# ControlNet Fine-Tuning and Inference for Video Ad Manipulation (Updated)

This notebook demonstrates:
1. **Data validation** - Get valid video IDs from alignment_score.csv
2. **Quick training** - Use subset of videos for fast experimentation
3. **Fine-tuning process** - Training the ControlNet adapter
4. **Inference** - Generating 7 experimental video variants

---

## Table of Contents
1. [Setup](#setup)
2. [Data Validation](#data-validation)
3. [Dataset Preparation](#data-prep)
4. [Model Fine-Tuning](#training)
5. [Inference: Generate 7 Variants](#inference)
6. [Visualization](#visualization)

---
## 1. Setup <a name="setup"></a>

In [None]:
import os
import sys
import json
import yaml
import torch
import numpy as np
import pandas as pd
import matplotlib.pyplot as plt
from pathlib import Path
from PIL import Image
from tqdm.auto import tqdm

# Add src to path
sys.path.insert(0, str(Path.cwd()))

# Import framework modules
from src.models import StableDiffusionControlNetWrapper
from src.training import (
    ControlNetTrainer,
    get_valid_video_ids,
    split_train_val_videos,
    print_dataset_statistics,
)
from src.training.dataset_v2 import VideoSceneDataModule
from src.data_preparation import ControlTensorBuilder
from src.video_editing.experimental_variants_v2 import VideoVariantGenerator, visualize_variant_comparison

# Check GPU
device = "cuda" if torch.cuda.is_available() else "cpu"
print(f"Using device: {device}")
if device == "cuda":
    print(f"GPU: {torch.cuda.get_device_name(0)}")
    print(f"VRAM: {torch.cuda.get_device_properties(0).total_memory / 1e9:.2f} GB")

---
## 2. Data Validation <a name="data-validation"></a>

**IMPORTANT:** Use `alignment_score.csv` as source of truth for video IDs.

Some videos in `keywords.csv` may not have alignment scores, so we take the intersection.

In [None]:
# File paths
ALIGNMENT_SCORE_FILE = 'data/alignment_score.csv'
KEYWORDS_FILE = 'data/keywords.csv'
SCREENSHOTS_DIR = 'data/screenshots_tiktok'
KEYWORD_MASKS_DIR = 'data/keyword_masks'

# Get valid video IDs (intersection of alignment_score.csv and keywords.csv)
print("Validating video IDs...\n")
valid_video_ids = get_valid_video_ids(
    alignment_score_file=ALIGNMENT_SCORE_FILE,
    keywords_file=KEYWORDS_FILE
)

print(f"\n‚úì Found {len(valid_video_ids)} valid videos")
print(f"First 10 video IDs: {valid_video_ids[:10]}")

### Quick Training Mode

**For fast experimentation**, you can limit the number of videos used for training.

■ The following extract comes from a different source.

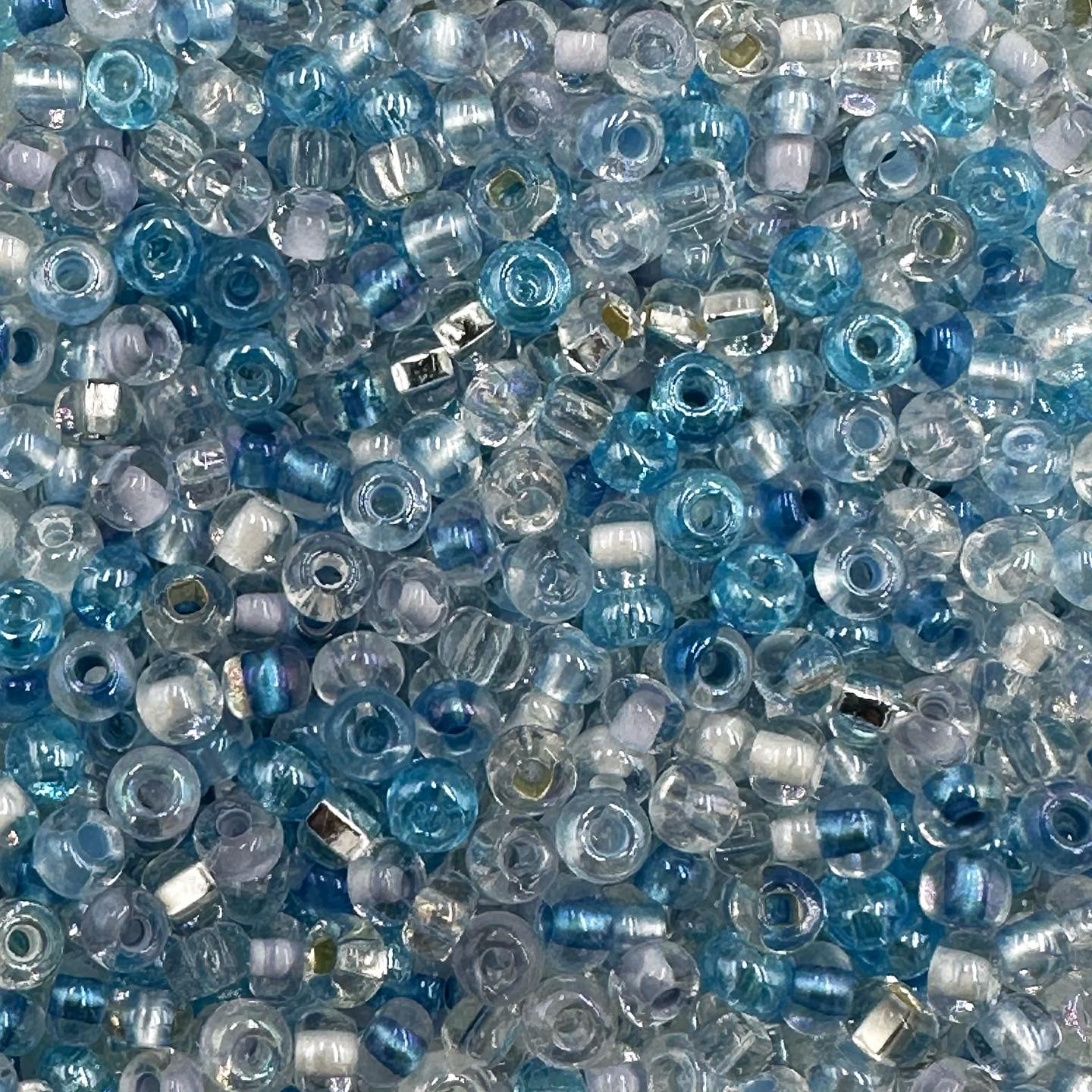  Seed Beads 11/0 Colorful Glass Seed Bead Mix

Set `USE_SUBSET = True` and `NUM_VIDEOS` to a small number (e.g., 10-20) for quick training.

In [None]:
# ========================================
# CONFIGURATION: Quick Training Mode
# ========================================

# Set to True for quick training with subset of videos
USE_SUBSET = True

# Number of videos to use (only if USE_SUBSET=True)
NUM_VIDEOS = 10  # Use 10 videos for quick experimentation

# ========================================

if USE_SUBSET:
    # Use only first NUM_VIDEOS for quick training
    video_ids_for_training = valid_video_ids[:NUM_VIDEOS]
    print(f"\n‚ö° QUICK TRAINING MODE")
    print(f"Using {len(video_ids_for_training)} videos out of {len(valid_video_ids)} available")
    print(f"Videos: {video_ids_for_training}")
else:
    # Use all valid videos
    video_ids_for_training = valid_video_ids
    print(f"\nüìö FULL TRAINING MODE")
    print(f"Using all {len(video_ids_for_training)} videos")

---
## 3. Dataset Preparation <a name="data-prep"></a>

### Split into Train/Validation Sets

In [None]:
# Split videos into train/val (80/20)
train_videos, val_videos = split_train_val_videos(
    video_ids=video_ids_for_training,
    val_ratio=0.2,
    random_seed=42
)

print(f"\nTrain videos ({len(train_videos)}): {train_videos}")
print(f"Val videos ({len(val_videos)}): {val_videos}")

In [None]:
# Print detailed statistics
print_dataset_statistics(
    alignment_score_file=ALIGNMENT_SCORE_FILE,
    train_videos=train_videos,
    val_videos=val_videos
)

### Configuration

In [None]:
# Training configuration
CONFIG = {
    'data': {
        'alignment_score_file': ALIGNMENT_SCORE_FILE,
        'keywords_file': KEYWORDS_FILE,
        'screenshots_dir': SCREENSHOTS_DIR,
        'keyword_masks_dir': KEYWORD_MASKS_DIR,
        'image_size': 512,
    },
    'model': {
        'sd_model_name': 'runwayml/stable-diffusion-v1-5',
        'controlnet': {
            'control_channels': 2,  # [M_t, S_t]
            'base_channels': 64,
        },
        'use_lora': False,
    },
    'training': {
        'batch_size': 4,
        'num_workers': 4,
        'learning_rate': 1e-4,
        'num_epochs': 5 if USE_SUBSET else 10,  # Fewer epochs for subset
        'lambda_recon': 1.0,
        'lambda_lpips': 1.0,
        'lambda_bg': 0.5,
        'use_recon_loss': True,
        'gradient_accumulation_steps': 1,
        'mixed_precision': True,
        'log_wandb': False,
        'project_name': 'video-ad-manipulation',
        'output_dir': 'outputs/training_subset' if USE_SUBSET else 'outputs/training_full',
    },
}

# Create output directory
os.makedirs(CONFIG['training']['output_dir'], exist_ok=True)

# Save config
config_save_path = os.path.join(CONFIG['training']['output_dir'], 'config.yaml')
with open(config_save_path, 'w') as f:
    yaml.dump(CONFIG, f, default_flow_style=False)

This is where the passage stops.